Comment | Dec 2023
UNEP-WCMC’s Chief Impact Officer Matt Jones, Principal Specialist for Nature-based Solutions Valerie Kapos and Principal Technical Specialist for Climate Change Mitigation Lera Miles reflect on this year’s climate summit and celebrate clear acknowledgement of the need for integrated action on the climate and nature crises
A significant outcome of this year’s global climate summit, COP28, is an agreement to “transition away from fossil fuels”. This huge task, already underway, is given additional momentum by the UAE Consensus outcome, which rightly focuses much of the world’s attention on decarbonisation. Nonetheless, the UN Environment Programme World Conservation Monitoring Centre (UNEP-WCMC)’s Dubai delegation team were heartened to see nature being integrated into the negotiations at COP28, as well as being robustly championed on the sidelines.

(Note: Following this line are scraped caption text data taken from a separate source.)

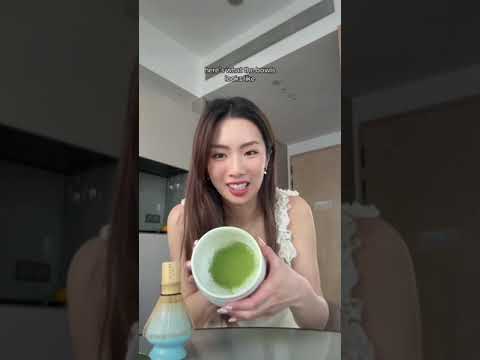 Make a matcha with me in Singapore! 🍵🇸🇬 #matcha #greentea #singapore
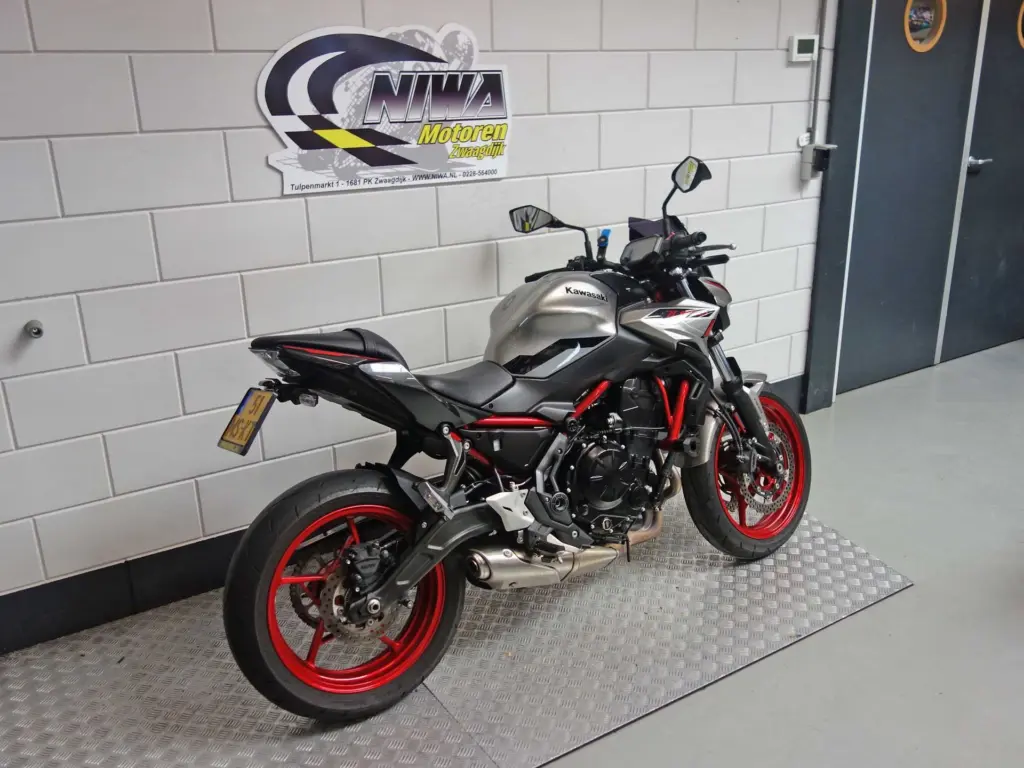 Gebruikte Kawasaki Z650 naked bike met 649cc motor uit 2023 bij NIWA Motoren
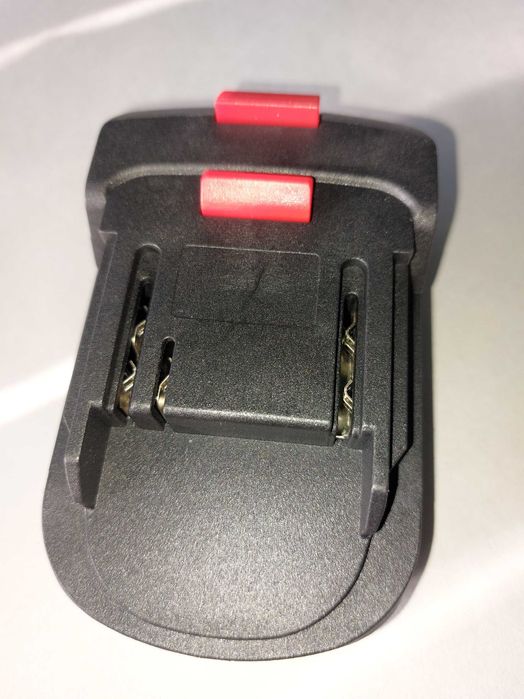 Перехідники з акб Makita/Dewalt на інструмент Dewalt/Makita.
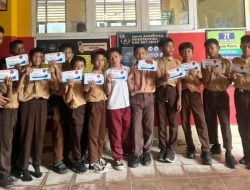 Dukung Program OJK, BPR Bahteramas Kendari Beri Buku Tabungan Pelajar untuk Siswa SDN 18 Kendari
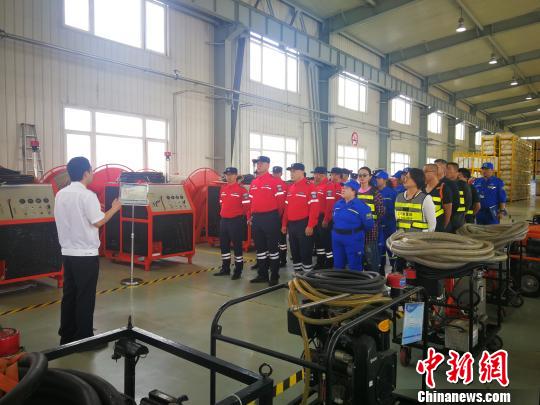 大连海事局首次在大连船舶溢油应急设备库对社会公众举办公开日宣传活动。　郝阔 摄
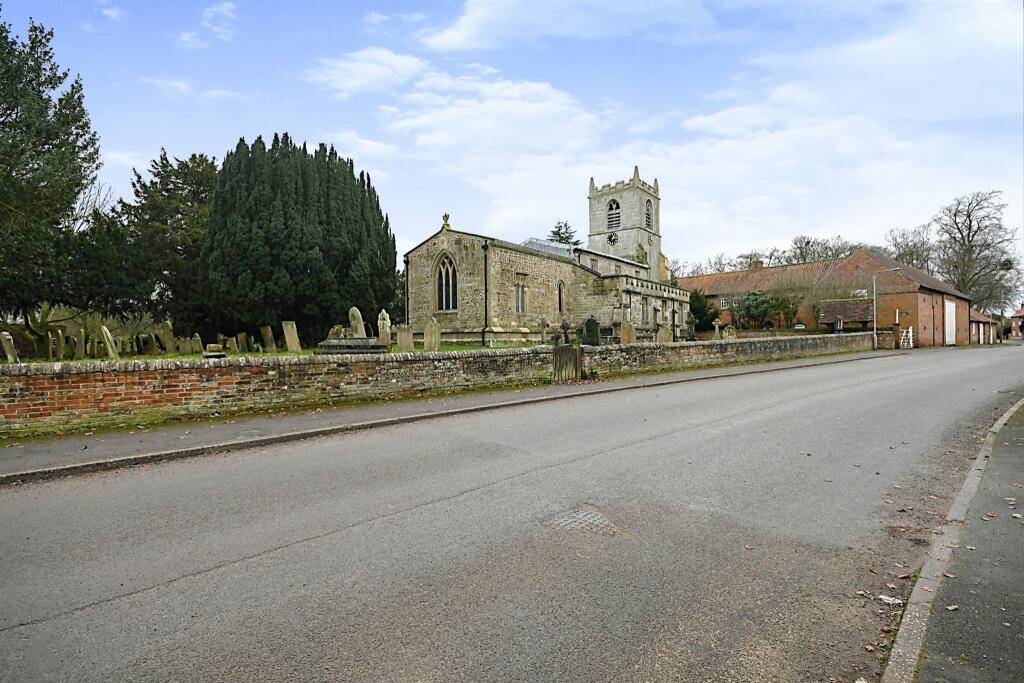2 bedroom detached bungalow for sale in Robin Hood Grove, Elkesley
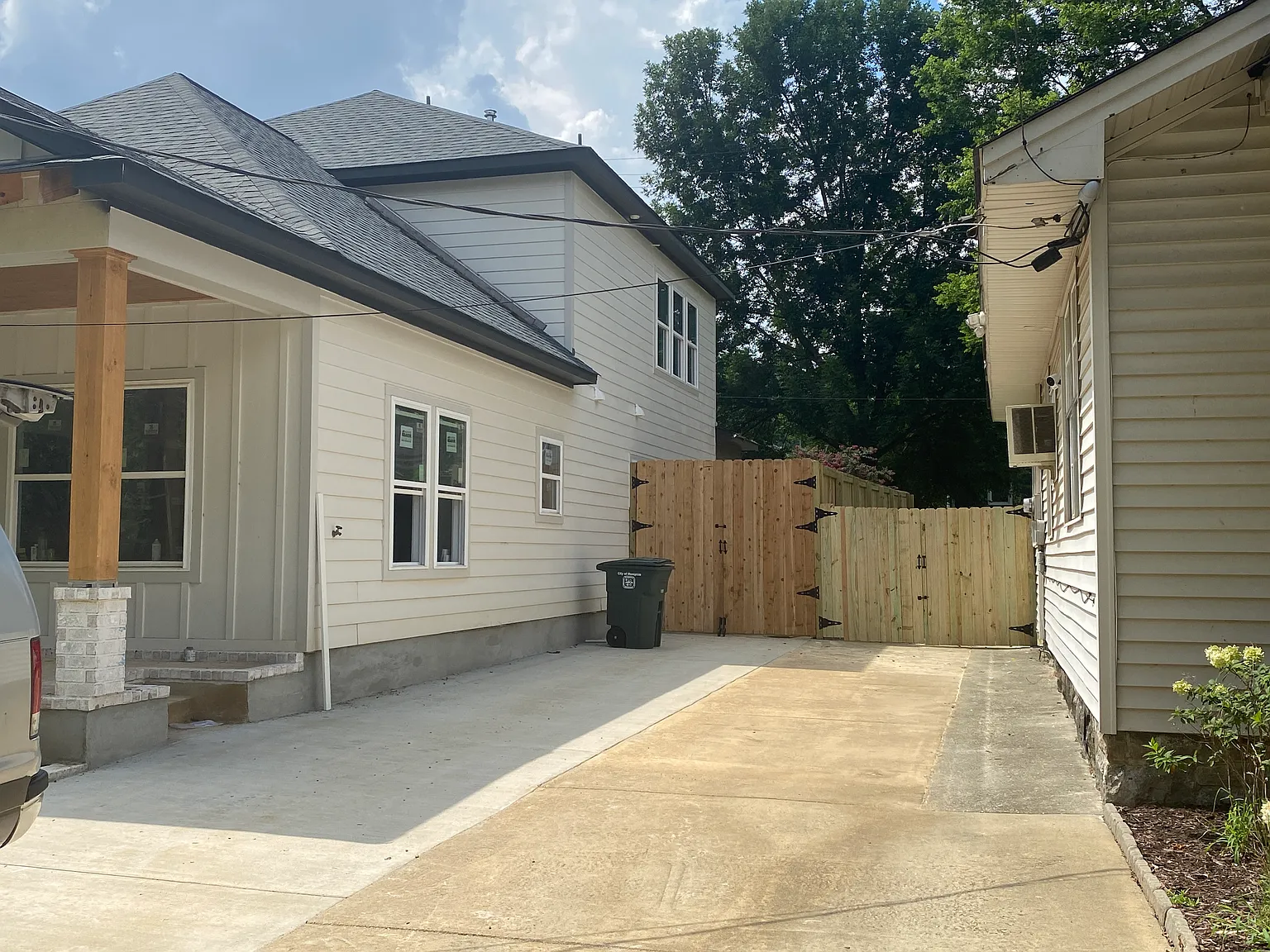 5 bed, 2500 sqft, $4,495 — Photo 3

The COP28 decision on the outcome of the Global Stocktake, which assessed countries’ collective progress in accelerating action on climate change to meet the goals of the Paris Agreement, formally recognises the importance of nature. In addition to its significant declarations for nature, it calls for nature-based solutions (NbS) to climate change to be implemented in line with the Kunming-Montreal Global Biodiversity Framework. Nature, NbS, biodiversity and ecosystems were all terms discussed often during the negotiations, and the decision relating to the Global Goal on Adaptation set up under the Paris Agreement now includes several references to ecosystem-based approaches and NbS.
COP28 underscored the recent rapid evolution in decision-makers’ understanding of the importance of nature in confronting and adapting to climate change. Consideration of ecosystems is now pervasive in the discussions and the decisions across the COP. During this COP, and many before it, UNEP-WCMC’s experts worked to support that climate decision-makers broaden their focus to include the role of nature in ensuring resilience alongside its key role in carbon sequestration and storage.
While nature is moving in from the fringe, there is still a long way to go.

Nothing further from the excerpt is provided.